Los alumnos típicos de esos sistemas saben que los judíos son el pueblo elegido (y muy superior), que todos los gentiles son viciosos antisemitas, que Dios nos prometió este país y que nadie más tiene derecho a una pulgada cuadrada de su tierra. La conclusión natural es que los «extranjeros» (esto es, los árabes que han estado viviendo aquí al menos durante 13 siglos) deben ser expulsados -a menos que esto pusiera en peligro a los judíos-.

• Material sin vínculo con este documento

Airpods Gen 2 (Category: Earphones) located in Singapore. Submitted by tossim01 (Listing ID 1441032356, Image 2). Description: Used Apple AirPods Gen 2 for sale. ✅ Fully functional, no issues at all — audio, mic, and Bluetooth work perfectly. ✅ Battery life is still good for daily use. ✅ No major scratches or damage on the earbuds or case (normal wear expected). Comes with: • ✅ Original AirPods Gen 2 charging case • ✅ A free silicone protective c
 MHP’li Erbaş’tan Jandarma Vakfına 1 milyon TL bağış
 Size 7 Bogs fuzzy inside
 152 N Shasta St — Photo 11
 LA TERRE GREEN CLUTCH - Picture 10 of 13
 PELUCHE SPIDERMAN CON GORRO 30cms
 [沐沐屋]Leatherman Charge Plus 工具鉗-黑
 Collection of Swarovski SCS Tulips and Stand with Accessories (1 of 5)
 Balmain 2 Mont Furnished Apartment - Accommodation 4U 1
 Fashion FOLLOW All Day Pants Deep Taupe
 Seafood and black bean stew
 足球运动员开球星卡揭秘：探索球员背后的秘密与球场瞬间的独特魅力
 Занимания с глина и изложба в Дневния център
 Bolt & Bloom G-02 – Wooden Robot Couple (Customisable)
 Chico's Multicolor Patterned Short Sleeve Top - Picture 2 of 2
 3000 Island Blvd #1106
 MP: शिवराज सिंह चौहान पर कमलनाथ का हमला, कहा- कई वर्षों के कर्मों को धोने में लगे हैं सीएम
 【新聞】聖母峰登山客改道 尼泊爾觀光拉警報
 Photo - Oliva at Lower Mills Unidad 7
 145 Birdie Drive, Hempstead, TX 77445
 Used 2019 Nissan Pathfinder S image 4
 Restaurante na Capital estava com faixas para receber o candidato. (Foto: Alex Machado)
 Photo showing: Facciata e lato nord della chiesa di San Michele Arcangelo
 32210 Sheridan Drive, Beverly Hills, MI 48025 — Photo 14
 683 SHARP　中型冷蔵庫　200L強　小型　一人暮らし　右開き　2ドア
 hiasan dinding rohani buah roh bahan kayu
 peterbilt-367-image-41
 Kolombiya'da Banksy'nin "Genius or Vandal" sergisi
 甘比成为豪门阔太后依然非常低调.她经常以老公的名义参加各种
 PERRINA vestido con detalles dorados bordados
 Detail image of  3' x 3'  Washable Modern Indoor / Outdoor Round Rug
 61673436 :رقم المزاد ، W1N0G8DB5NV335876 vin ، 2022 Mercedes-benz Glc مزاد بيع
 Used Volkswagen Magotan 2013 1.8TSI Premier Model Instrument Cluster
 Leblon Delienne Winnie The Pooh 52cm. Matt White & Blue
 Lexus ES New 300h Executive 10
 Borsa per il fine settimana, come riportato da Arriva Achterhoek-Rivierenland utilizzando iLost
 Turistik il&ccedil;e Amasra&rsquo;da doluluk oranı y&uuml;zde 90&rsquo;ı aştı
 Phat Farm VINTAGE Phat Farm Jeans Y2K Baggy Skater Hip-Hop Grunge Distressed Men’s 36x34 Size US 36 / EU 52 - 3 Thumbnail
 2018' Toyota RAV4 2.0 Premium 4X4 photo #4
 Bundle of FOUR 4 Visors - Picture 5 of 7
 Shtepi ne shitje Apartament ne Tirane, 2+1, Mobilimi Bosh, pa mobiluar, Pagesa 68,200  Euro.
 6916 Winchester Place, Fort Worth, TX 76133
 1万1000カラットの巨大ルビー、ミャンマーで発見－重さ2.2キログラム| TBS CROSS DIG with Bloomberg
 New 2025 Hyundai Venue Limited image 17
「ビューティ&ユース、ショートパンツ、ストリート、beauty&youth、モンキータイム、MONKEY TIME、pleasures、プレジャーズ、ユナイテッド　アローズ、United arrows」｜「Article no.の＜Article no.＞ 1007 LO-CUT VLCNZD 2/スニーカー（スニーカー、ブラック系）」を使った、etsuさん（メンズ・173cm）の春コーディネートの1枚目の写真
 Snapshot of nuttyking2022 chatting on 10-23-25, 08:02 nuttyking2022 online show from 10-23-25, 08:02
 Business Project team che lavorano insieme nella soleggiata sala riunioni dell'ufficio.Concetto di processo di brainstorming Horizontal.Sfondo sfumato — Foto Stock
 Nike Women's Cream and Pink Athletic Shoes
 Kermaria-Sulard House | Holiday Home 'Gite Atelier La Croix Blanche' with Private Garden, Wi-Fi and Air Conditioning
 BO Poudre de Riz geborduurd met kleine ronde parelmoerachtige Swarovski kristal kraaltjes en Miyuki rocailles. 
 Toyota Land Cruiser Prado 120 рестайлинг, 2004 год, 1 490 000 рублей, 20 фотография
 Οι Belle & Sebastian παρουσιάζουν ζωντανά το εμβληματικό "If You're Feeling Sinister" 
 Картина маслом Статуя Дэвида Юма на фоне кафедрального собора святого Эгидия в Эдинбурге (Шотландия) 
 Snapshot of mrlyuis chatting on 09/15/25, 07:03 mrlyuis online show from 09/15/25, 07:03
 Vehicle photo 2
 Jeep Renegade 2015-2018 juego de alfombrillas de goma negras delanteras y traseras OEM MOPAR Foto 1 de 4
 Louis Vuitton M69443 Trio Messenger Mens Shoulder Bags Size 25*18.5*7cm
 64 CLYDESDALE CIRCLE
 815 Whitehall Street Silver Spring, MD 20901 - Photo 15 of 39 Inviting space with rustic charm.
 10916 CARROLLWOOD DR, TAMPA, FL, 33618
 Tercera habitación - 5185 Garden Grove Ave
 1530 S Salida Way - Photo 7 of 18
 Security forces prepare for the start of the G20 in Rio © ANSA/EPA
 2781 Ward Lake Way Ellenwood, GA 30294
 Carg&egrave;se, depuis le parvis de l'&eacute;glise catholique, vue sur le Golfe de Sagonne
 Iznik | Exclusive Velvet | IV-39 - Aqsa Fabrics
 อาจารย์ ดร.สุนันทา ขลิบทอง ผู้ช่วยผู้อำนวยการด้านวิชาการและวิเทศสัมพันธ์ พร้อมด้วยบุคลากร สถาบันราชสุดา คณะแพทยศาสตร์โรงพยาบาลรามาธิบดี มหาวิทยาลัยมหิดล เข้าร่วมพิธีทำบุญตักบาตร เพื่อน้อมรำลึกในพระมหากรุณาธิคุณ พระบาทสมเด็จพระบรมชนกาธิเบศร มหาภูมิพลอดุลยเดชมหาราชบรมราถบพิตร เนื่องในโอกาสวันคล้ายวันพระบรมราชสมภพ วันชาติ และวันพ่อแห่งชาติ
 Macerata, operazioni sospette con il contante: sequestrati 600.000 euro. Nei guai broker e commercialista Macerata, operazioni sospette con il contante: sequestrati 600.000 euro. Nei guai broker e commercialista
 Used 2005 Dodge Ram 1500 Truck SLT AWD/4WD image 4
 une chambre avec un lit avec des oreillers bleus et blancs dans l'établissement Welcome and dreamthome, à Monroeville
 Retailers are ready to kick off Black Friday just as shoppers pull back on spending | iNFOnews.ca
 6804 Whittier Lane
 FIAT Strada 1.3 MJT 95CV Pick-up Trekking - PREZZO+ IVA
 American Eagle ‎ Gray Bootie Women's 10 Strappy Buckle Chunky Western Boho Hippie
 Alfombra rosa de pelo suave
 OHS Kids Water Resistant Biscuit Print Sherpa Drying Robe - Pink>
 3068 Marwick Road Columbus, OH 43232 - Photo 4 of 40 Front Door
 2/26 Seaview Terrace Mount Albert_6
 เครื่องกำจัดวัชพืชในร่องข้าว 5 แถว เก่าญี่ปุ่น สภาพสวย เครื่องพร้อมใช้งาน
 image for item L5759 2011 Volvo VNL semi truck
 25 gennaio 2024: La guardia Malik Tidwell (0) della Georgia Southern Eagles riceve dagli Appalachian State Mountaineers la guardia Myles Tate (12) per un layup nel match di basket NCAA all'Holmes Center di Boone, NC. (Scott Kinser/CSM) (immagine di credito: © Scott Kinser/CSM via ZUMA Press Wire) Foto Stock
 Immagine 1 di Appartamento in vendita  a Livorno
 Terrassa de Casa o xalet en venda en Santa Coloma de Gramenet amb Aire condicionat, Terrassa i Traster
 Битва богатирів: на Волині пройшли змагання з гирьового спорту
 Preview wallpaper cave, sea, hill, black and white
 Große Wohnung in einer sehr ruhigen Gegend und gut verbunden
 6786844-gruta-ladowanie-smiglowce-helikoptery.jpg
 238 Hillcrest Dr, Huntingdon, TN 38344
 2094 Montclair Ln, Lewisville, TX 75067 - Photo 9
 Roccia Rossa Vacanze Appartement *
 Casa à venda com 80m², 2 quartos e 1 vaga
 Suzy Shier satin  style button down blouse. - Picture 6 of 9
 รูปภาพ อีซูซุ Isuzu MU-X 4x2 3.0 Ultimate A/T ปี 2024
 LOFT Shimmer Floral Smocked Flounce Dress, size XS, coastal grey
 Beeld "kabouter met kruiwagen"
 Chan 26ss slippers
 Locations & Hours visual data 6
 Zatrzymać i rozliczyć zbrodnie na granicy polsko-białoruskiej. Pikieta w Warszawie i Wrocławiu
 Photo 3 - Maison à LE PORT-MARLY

Desde este punto de vista ya no hay ninguna diferencia entre los ortodoxos y los nacional-religiosos, entre asquenazíes y sefardíes. Al ver en las pantallas a «la juventud de las colinas», que aterroriza a los árabes en los territorios ocupados, uno no puede ya distinguirlos entre ellos, ni por sus ropas, ni por su lenguaje corporal, ni por sus lemas.
La fuente de todo este mal es, por supuesto, el Pecado Original del Estado de Israel: la ausencia de separación entre Estado y religión basada en la ausencia de separación entre la nación y la religión. Sólo una separación total entre ambas puede salvar a Israel de la dominación absoluta de la mutación religiosa.